More than half of US adults used the Web to engage in the US presidential election and supporters of Barack Obama were considerably more active online than those of John McCain, according to a study released on Wednesday.
"The 2008 election was the first in which more than half the voting-age population used the Internet for political purposes," said the Pew Research Center's Internet and American Life Project, which conducted the study.
Fifty-five percent of all voting-age US adults -- and 74 percent of all Internet users -- said they went online for news and information about the election or to communicate with others about the race, the study found.
The percentage of Americans relying on the Web as a major source of campaign news more than doubled over the 2000 election -- from 11 percent to 26 percent, Pew said.

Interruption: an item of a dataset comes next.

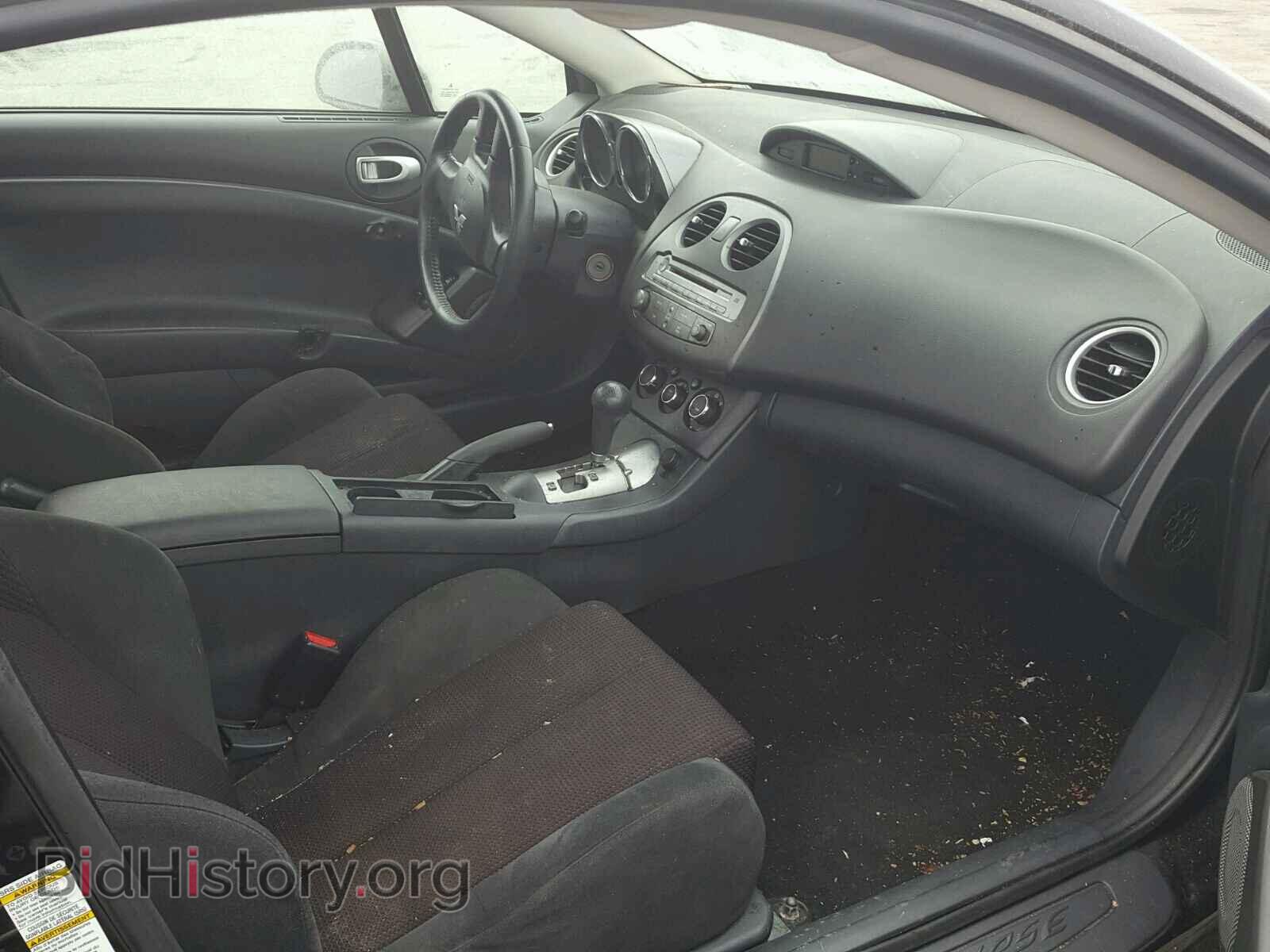 2012 MITSUBISHI ECLIPSE - VIN: 4A31K5DF1CE004444 - Фото 5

Social networking sites like Facebook and MySpace and video-sharing sites like YouTube played a key role, it said, as voters went online to share their views and try to mobilize others to their cause.
"Voters in 2008 were not just passive followers of the political process," said Aaron Smith, a research specialist at Pew and author of the report.
"They used a wide range of digital tools and technologies to get involved in the race, to harness their creativity in support of their chosen candidate, and to join forces with others who shared their same political goals."
While more Americans went online for political purposes than ever before, supporters of Democratic candidate Obama were more active on the Internet than those of his Republican rival McCain, the study found.
Twenty percent of Obama supporters shared political content online, compared with 16 percent of McCain backers, and 18 percent of Obama partisans signed up to receive automatic updates about the election compared with nine percent of McCain supporters.
Obama supporters were much more likely to contribute money online, with 15 percent of Obama supporters saying they did so compared with only six percent of McCain backers.
"The 2008 elections saw the role of the Internet in politics increase and it witnessed the emergence of a unique group of online political activists," said Smith.
"Compared with other Internet users, these individuals delve more deeply into the political news of the day, and take part in a much wider range of online political activities."
The study was based on a survey of 2,254 adults conducted between November 20 and December 4. It has a margin of error of plus or minus two percentage points.